Es cierto que somos un país manirroto en nuestras cuentas públicas. Pero también, que los más de 30 años de fondos estructurales y de cohesión los hemos gastado, bien, en darle la vuelta como un calcetín a la España paleta, ignorante y pobre que heredamos del dictador: en buenas carreteras, maravillosa sanidad, una mejor educación y mayor protección social.

Aunque es verdad que en algunas de esas partidas actuamos como un país rico mientras no poníamos en marcha un solo programa que industrializara España y la pusiera a la cabeza de la innovación en algo. Para ser ricos un poco de verdad.

Pudimos serlo, por ejemplo, en tecnología para energías renovables, líderes mundiales en el asunto incluso. Nuestra orografía nos lo alienta, tenemos las empresas... pero no el plan. Y vendimos.

Aunque volvamos al inicio del asunto.
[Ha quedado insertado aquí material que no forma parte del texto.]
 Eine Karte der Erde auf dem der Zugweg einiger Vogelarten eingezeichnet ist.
Se sentaron los 27 jefes de Estado y de Gobierno este fin de semana alrededor de la mesa del Consejo y todos tenían el mismo poder: con uno que dijera no, todo se iba al carajo. Incluso si ese uno venía de, qué sé yo, el Gran Ducado de Luxemburgo, pequeño, rico y con menos habitantes de los que caben en Vallecas y Carabanchel.

Hace una semana, Pablo Echenique arremetía contra la "insolidaria Unión Europea" y se preguntaba en alto qué hacer ante esta cerrazón, lejana a los valores fundacionales de la bandera azul con estrellas doradas, "unidos en la diversidad".
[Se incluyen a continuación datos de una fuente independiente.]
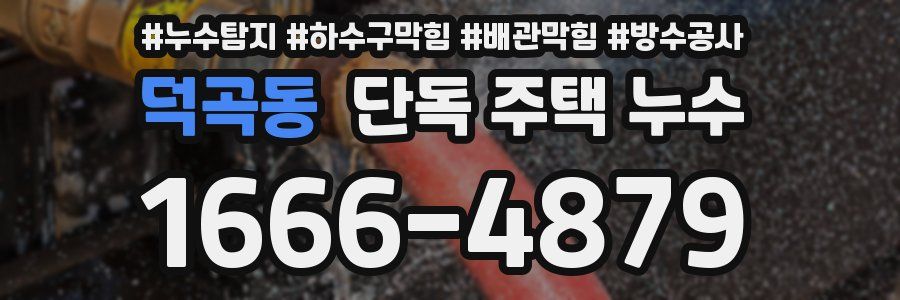 덕곡동 단독 주택 누수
En realidad, es muy sencillo: hay que ceder soberanía. Creernos que unidos estamos mejor es dejar que la decisión sea de todos. Nunca será perfecta una entidad supranacional de 27 países que estuvieron siglos matándose por sus fronteras y dinastías, pero somos una unión, no una suma. Mientras los grandes pasos del todo los manejen las partes, unos reyezuelos que actúan en función de sus intereses nacionales -o peor, electorales-, no habrá nada que reprocharle a Rutte, Löfven, Kurz y los demás: sólo juegan sus cartas bajo las reglas establecidas.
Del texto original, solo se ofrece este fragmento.